Task statement
Whenever a picture appears in the listing below, leave it out, and copy exactly the lines from the one containing "Mercedes-Benz C-Class 2020 C 300 4dr Sedan" through the end.

Information supplied
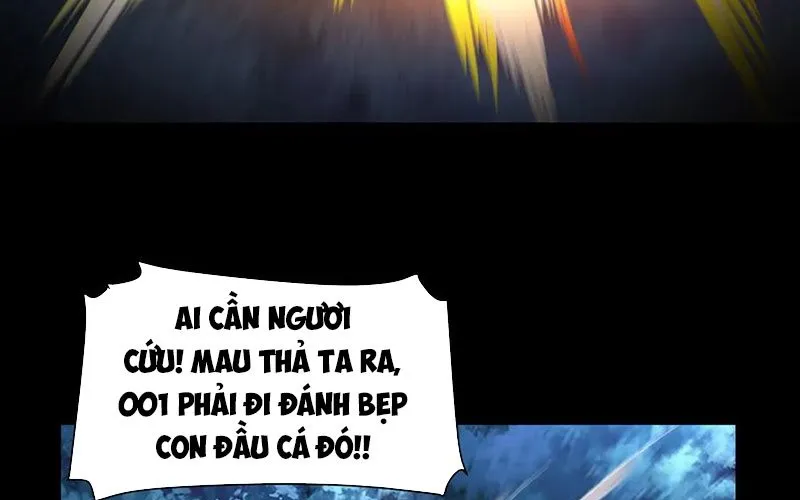 đối Mặt Với Bệnh Tâm Thần, Ma Quỷ Chẳng Là Cái Thá Gì Chap 166 - Next Chap 167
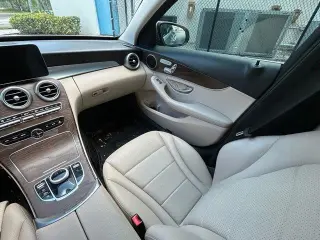 Mercedes-Benz C-Class 2020 C 300 4dr Sedan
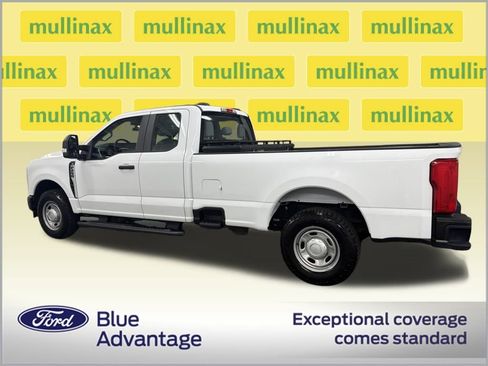 Certified 2023 Ford F250 XL image 11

Exercise answer
 Mercedes-Benz C-Class 2020 C 300 4dr Sedan
 Certified 2023 Ford F250 XL image 11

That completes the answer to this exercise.